The irony for me, as minister at a local church, is that the more successful my children’s work becomes, the more it puts a stress on where the joints are most weak, on the church’s work with young people who are making the transition between primary and secondary school. Once a month we hold half-hour services, with up to 94 children in attendance. It is Messy Church for fringe parents, drawn in through the church school and the surrounding area. Younger children like being with their friends and it is fun for them to be boisterous in church and to shout out the answers to questions. Older children want a shared enterprise rather than a single event. They begin to distance themselves and see Church as something connected with primary school and to be left behind them as they make the transition to secondary school.

The problem with Sunday school

My conundrum, as a church minister, is that the better the Sunday school leaders teach the faith to the children in the church, the less the family see it as their responsibility to do so. There is a latent assumption that children learn about Christianity at church and then put it into practice at home and at school. Families outsource the role of Christian nurture to the Church. Parents think of a church’s teaching as they might do a school and see it as the church’s responsibility to help their children follow Jesus.

Many congregations have contributed to the situation by over-emphasising age-segregated programming, which further divides families. Sunday school can inadvertently become a de-facto childcare facility, allowing parents to enjoy uninterrupted adult worship time secure in the knowledge that their children are being looked after by reliable volunteers.

The Evangelical Alliance tells us that there was a better chance of surviving on the Titanic than there is of a child’s faith surviving in our churches; 1,523 out of 2,228 passengers and crew were drowned during the sinking of the Titanic - a loss of 68 per cent. But of every class of 50 0-9-year olds in Sunday school in 1985, only 15 will still be going to church in their 20s: we lose 70 per cent of our children in their progress from Sunday school to university. The explanation of why young people are not in church lies in the fact that the Church can’t hold on to the children and young people it has, let alone reach out to those outside the Church.

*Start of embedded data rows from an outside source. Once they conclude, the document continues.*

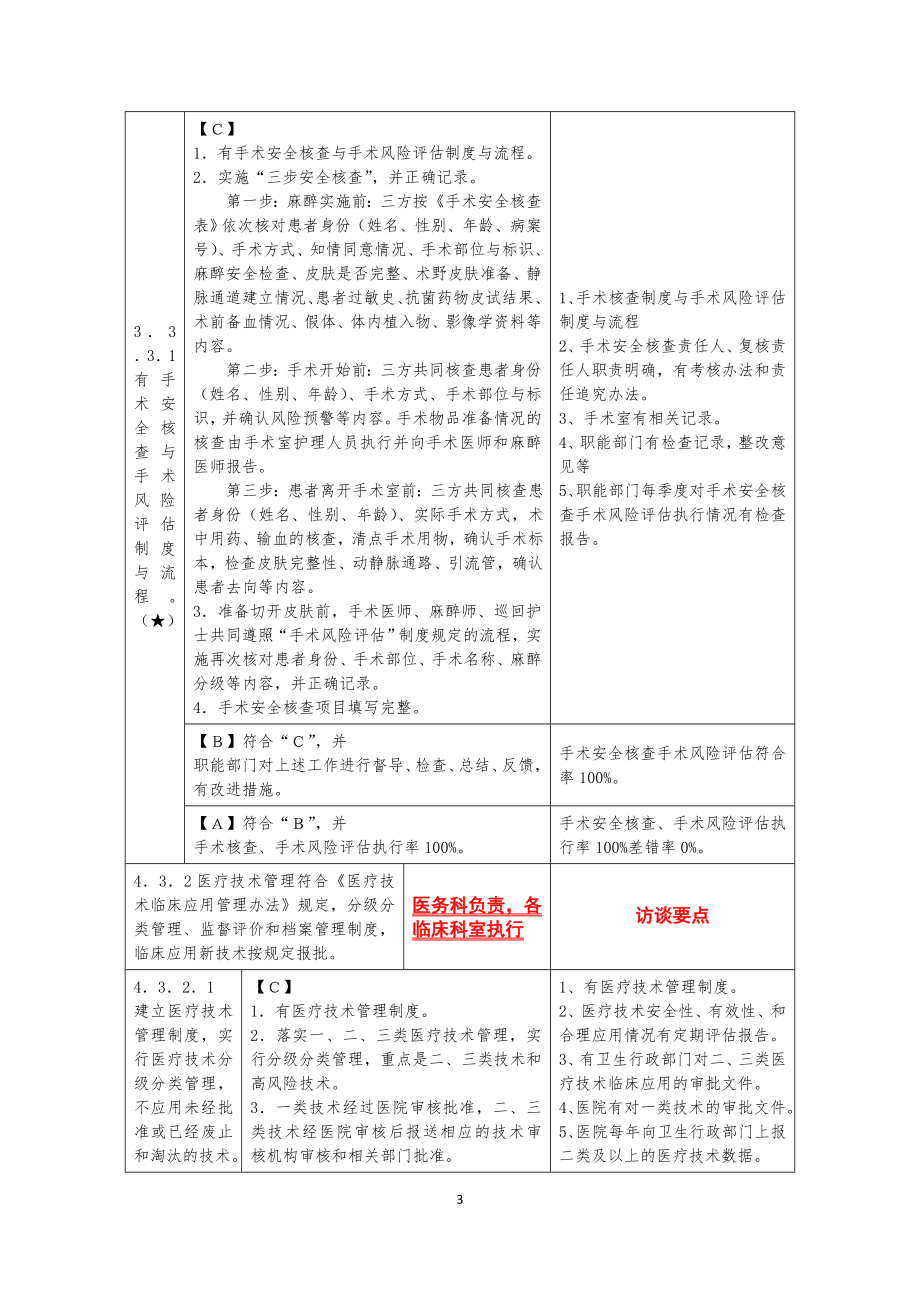 武汉市武昌医院三甲评审访谈要点(部分).doc_第3页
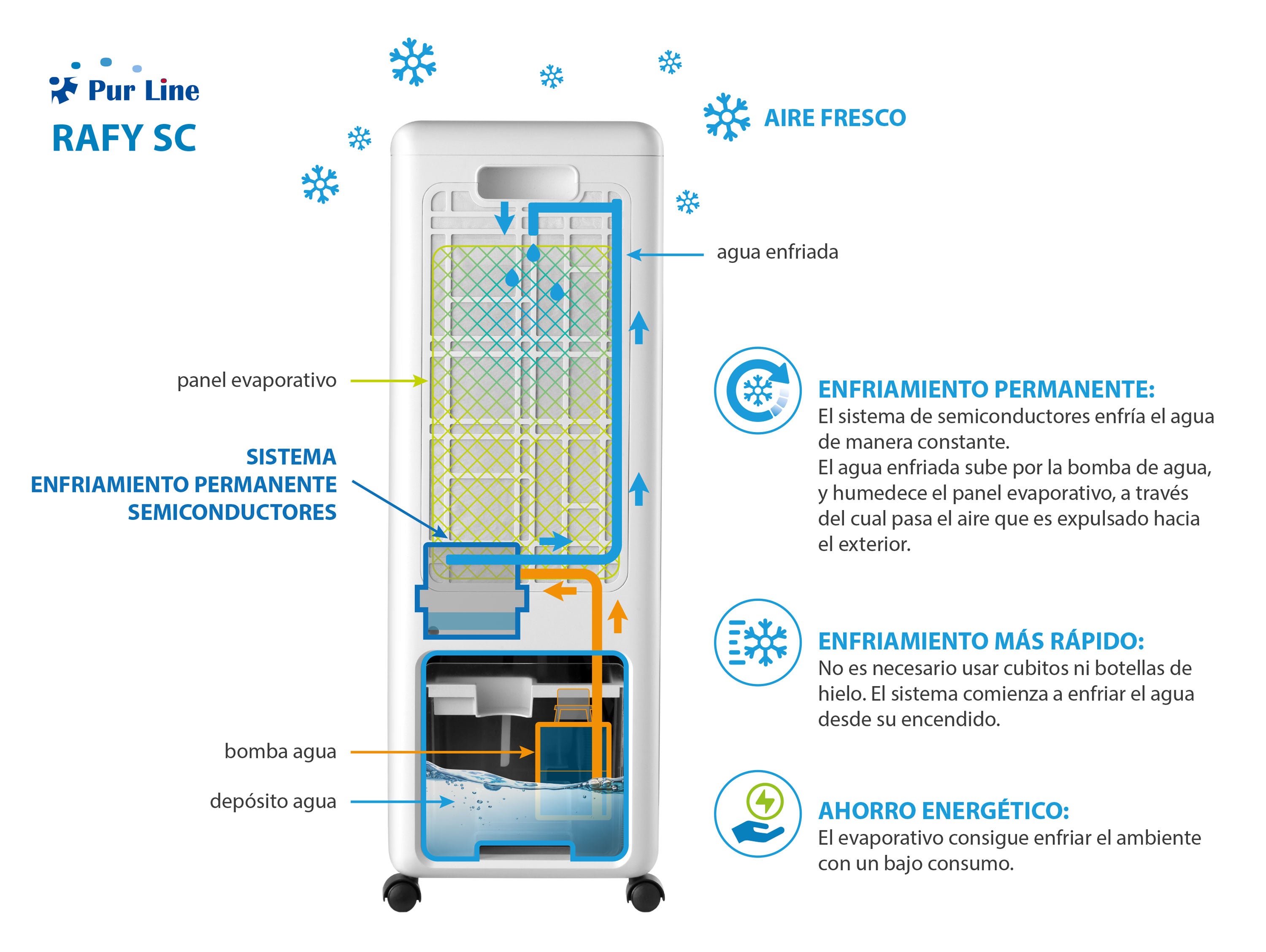 Raffrescatore evaporativo con sistema di raffreddamento permanente 5 L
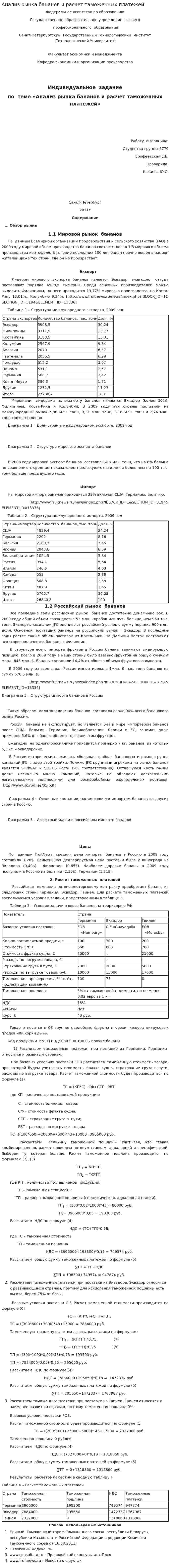Анализ рынка бананов и расчет таможенных платежей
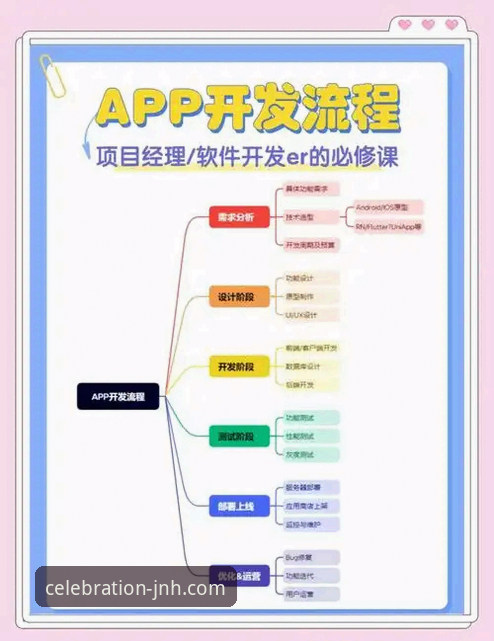 今年会JNH平台最新动态完整指南：版本更新、APP下载与功能探索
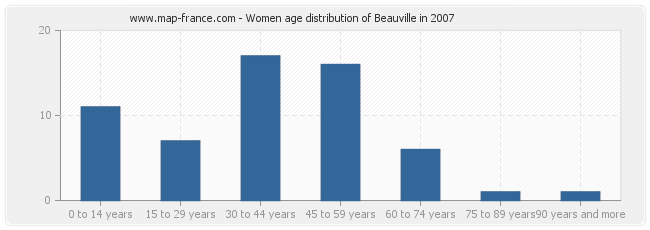 Women age distribution of Beauville in 2007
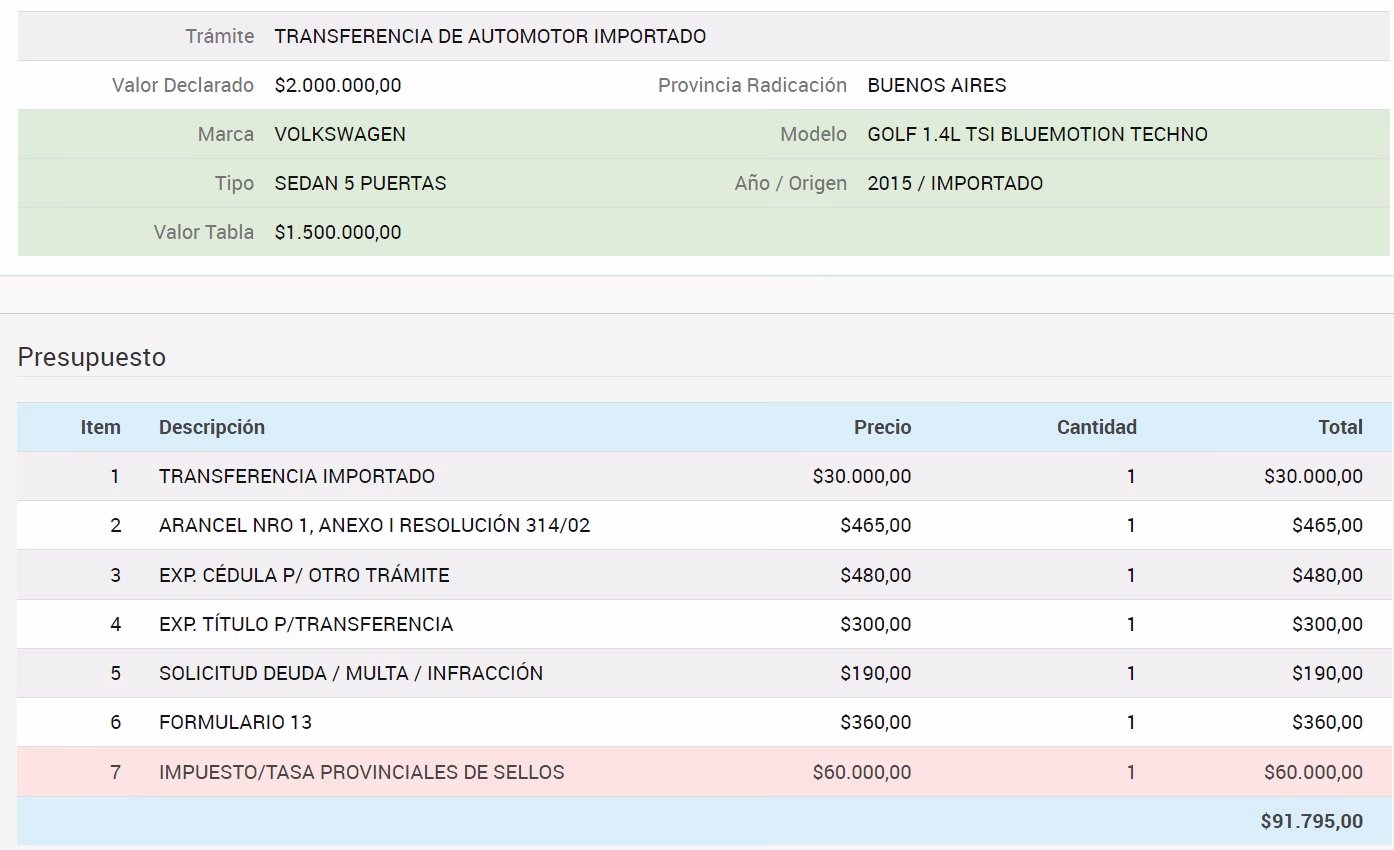 ¿Cuánto cuesta el proceso de sucesión?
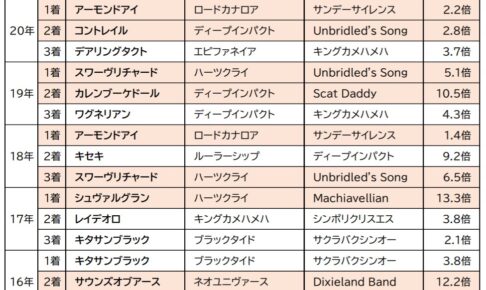 【ジャパンC／血統傾向】穴馬に100％共通する“米国ダートの血”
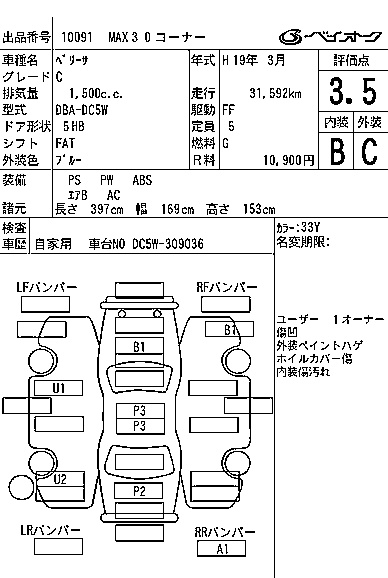 MAZDA VERISA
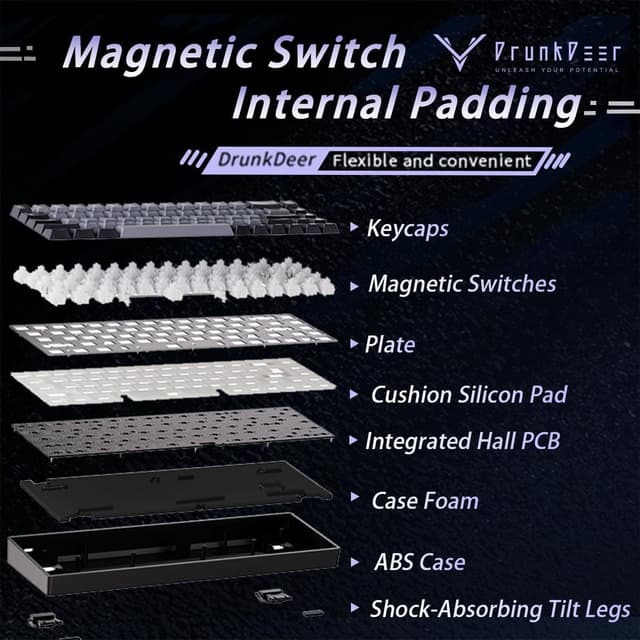 Detalle 2 de DrunkDeer G65 Rapid Trigger mechanische Tastatur (G65 ANSI) – 65% mit Magnetschaltern, RGB & PBT-Tastenkappen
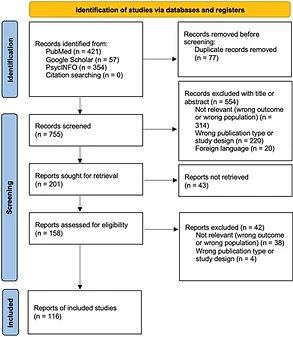 Testosterone research illustration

The task of a Sunday school is to supplement not to replace the family’s role in nurturing their children in faith. Oftentimes there is little to no programming on offer in a church that engages the entire family as a family, or that empowers and equips parents for their task as the primary religious teachers of their children and teens. Deuteronomy 6:4-9 offers a charter for family learning: teaching children the faith is the responsibility of the family, rather than the synagogue or Church.

Well-managed transitions

A well-managed transition between primary and secondary school needs youth ministers to become family workers in order to provide parents with the tools to teach their own children. In 2014’s The church growth research programme report, Voas and Watt report that 64 per cent of Anglican parents see it as the responsibility of the Church, rather than their own, to nurture their children’s faith. In order to work with young people, I find myself turning my back on youth work and becoming a family worker. When only 36 per cent of Anglican parents say that they see it as important to teach their children the Christian faith, it is evident that youth workers need to invest in parents.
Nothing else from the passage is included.